The social movements that have emerged in recent years are recalibrating how many organizations focus on and prioritize company culture.
For The Human Impact of Business Transformation, Insider's multi-year initiative to learn more about the effects of transformation in the workplace, we asked more than 50 executives what it takes to create a positive corporate culture.
Their response? Empowerment and inclusivity.
Now more than ever, companies are prioritizing diversity, equity, and inclusion, or DEI. They're putting their people first, turning intent into action to create new opportunities for diverse talent, and committing to changing their business outlook, processes, and ways of working on a fundamental level.
Increasingly, this includes hiring chief diversity and inclusion officers. As champions of equality on behalf of their brands, these people play a critical role in leveling the playing field for professionals and reshaping the modern workforce.

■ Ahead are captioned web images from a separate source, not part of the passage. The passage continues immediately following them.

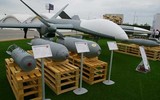 UAV vũ trang hạng nặng Nga tập kích phá hủy bệ phóng tên lửa ATACMS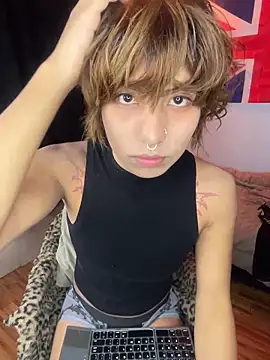Aronn_44 Webcam-Show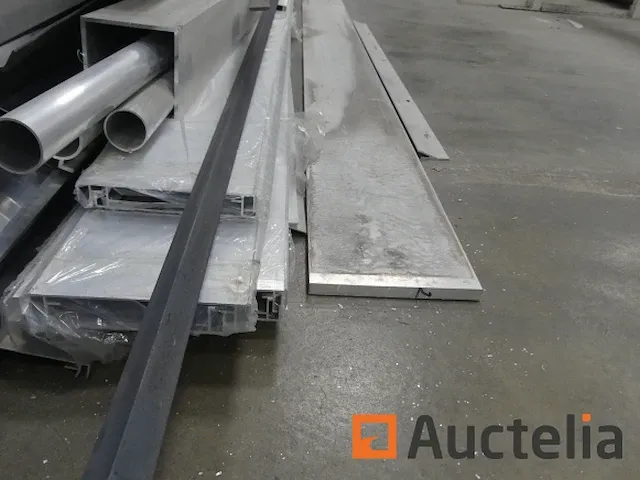 Aluminium profiel stock overblijfsel - afbeelding 3 van  6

But hiring a top executive dedicated to this issue is far from enough. DEI is an effort that requires a proactive approach.
According to Michele Parmelee, Deloitte Global's deputy CEO and chief people and purpose officer, organizations need strategy, goals, actions, owners, and accountability to be successful.

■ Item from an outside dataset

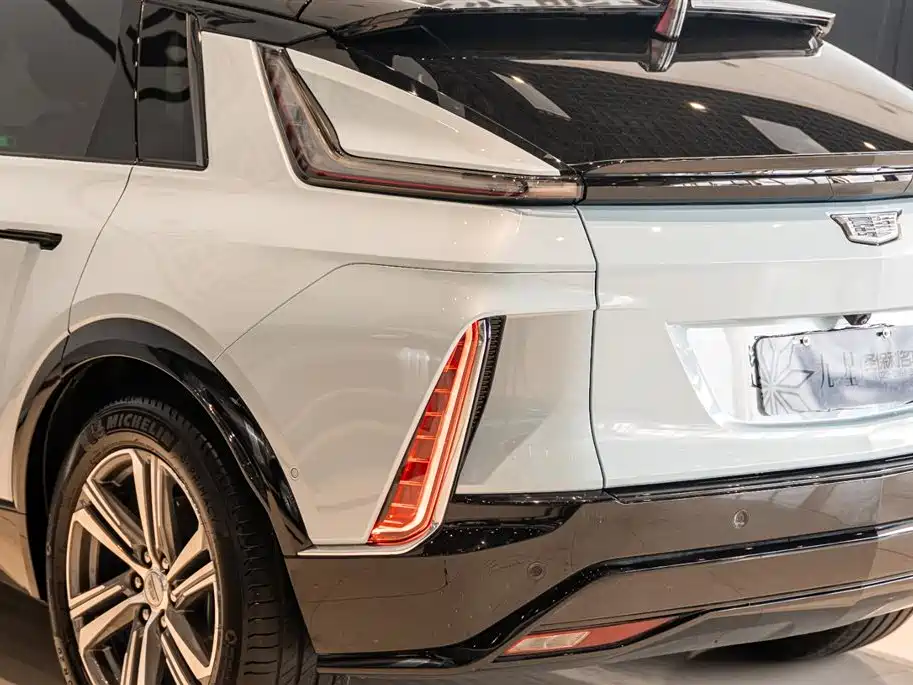 Cadillac Buick Regal 2024 Rear-Wheel Drive Standard Range Luxury Edition 2025 - thumbnail 16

"It could happen naturally," Parmelee said of the shift toward a more inclusive workforce, "but it's either not going to happen ... in our lifetime or within a reasonable timeframe. You need to have commitment and deliberate action to make it happen."

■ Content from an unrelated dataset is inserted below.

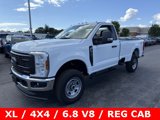 New 2026 Ford F350 XL w/ XL Chrome Package image 3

Parmelee and Deloitte had both when they developed "ALL IN: Accelerating gender and inclusion," a strategy designed to increase the representation of diverse groups within the organization.
"Diversity is just a numbers game unless you have an inclusive culture," Parmelee said. "You're not going to get the benefits of diversity, like more robust decision making and innovation, unless you actually have a culture where people can speak up."
Judith Williams, a senior vice president and the global head of people sustainability and chief diversity and inclusion officer at SAP, echoes the importance of ensuring you aren't just paying lip service to DEI.
"We can think about diversity for diversity's sake, just having people with different backgrounds and different experiences," Williams said, but that "doesn't work unless you have the structures so that every voice can be heard and can contribute."
Williams said that underrepresented groups often encounter an additional challenge in that they tend to face "extra scrutiny" in new roles. "Rather than looking for how they succeed, we are looking for the ways that they will fail," Williams said of candidates who would increase a team's diversity. "There is always a risk that a candidate will fail, regardless of what their background is, even if they have exactly what we think they need ... but the ones that may become remarkable may be the ones that look a bit different."
For many organizations, diversity and inclusion measures were incited by compliance on an ad-hoc basis. Increasingly, though, companies are actively defining their DEI strategies and shifting to a more decisive approach.
"Now we realize that we actually need to have some fundamental culture change," Williams said. She added that companies need to think about their values and the behaviors those values create, whether those behaviors are inclusive or exclusive, and how best to deal with that.
Rethink education, outreach, and onboarding across the organization
Identifying and enhancing a company's values is something Doug Melville understands well. Eight years ago, he joined the global advertising agency TBWA as its first chief diversity officer, and today he's the head of diversity and inclusion at Richemont.
TBWA built the role from the ground up, beginning with an eight-hour workshop that included departments like HR, legal, production, creative, and casting. To build familiarity with the new inclusion mentality, Melville created a "language of diversity" by educating teams on everything from the number of countries in Africa and Asia to the difference between sex and gender, even defining BIPOC and Latinx.
"People don't talk about diversity if it doesn't directly affect them because they don't want to say the wrong thing," Melville said. "I had to get people to understand - not to criticize, but to teach and then decalcify the conversation."
Melville's efforts to improve diversity across the organization were not limited to education. He encouraged TBWA to rethink the employee outreach and freelance onboarding process; embrace supplier diversity by seeking supply chains owned, operated, and controlled by women or people of color; and invite clients to use more diverse actors in their ads.
But Melville cautioned companies to avoid "woke-washing," or acting culturally relevant simply to drive more exposure or sales. "The sniff test is high for authenticity," he said of brand advertising. "Everyone's watching, and there's a battle between optics and intent."
As companies continue to prioritize DEI, it's important to remember this aspect of business transformation is no quick fix. "Every couple of years, there's a different diversity challenge or opportunity or narrative in the public editorial sphere," Melville added.
As Melville and other businesses leaders have explained, in the age of Black Lives Matter, #MeToo, and LGBTQ+ rights, DEI requires an ongoing commitment to your people and culture before it can benefit your brand.